Toolkit for collecting and applying templates of prompting instances.
WIP
- Download the repo
- Navigate to root directory of the repo
- Install requirements with
pip install -r requirements.txt
From the root directory of the repo, you can launch the editor with
streamlit run promptsource/promptsource.py
There are 3 modes in the app:
- Helicopter view: aggregate high level metrics on the current state of the sourcing
- Prompted dataset viewer: check the templates you wrote or already written on entire dataset
- Sourcing: write new prompts
A prompt template is expressed in Jinja.
It is rendered using an example from the corresponding Hugging Face datasets library (a dictionary). The separator ||| should appear once to divide the template into prompt and output. Generally, the prompt should provide information on the desired behavior, e.g., text passage and instructions, and the output should be a desired response.

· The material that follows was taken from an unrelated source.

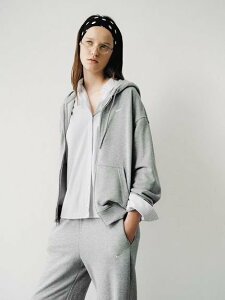 emmi �yNIKE�zStudio Fleece Lightweight Women's Oversized Full-Zip Hoodie �G�~ �g�b�v�X �p�[�J�[�E�t�[�f�B�[ �O���[�y���������z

Here's an example for AG News:
{{text}}
Is this a piece of news regarding world politics, sports, business, or technology? |||
{{ ["World politics", "Sport", "Business", "Technology"][label] }}
This is very much a work in progress, and help is needed and appreciated. Anyone wishing to contribute code can contact Steve Bach for commit access, or submit PRs from forks. Some particular places you could start:
- Try to express things! Explore a dataset and tell us what's hard to do to create templates you want
- Look in the literature. Are there prompt creation methods that do/do not fit well right now?
- Scalability testing. Streamlit is lightweight, and we're reading and writing all prompts on refresh.
See also the design doc.
Before submitting a PR or pushing a new commit, please run style formattings and quality checks so that your newly added file look nice:
make style
make quality
Warning or Error about Darwin on OS X: Try downgrading PyArrow to 3.0.0.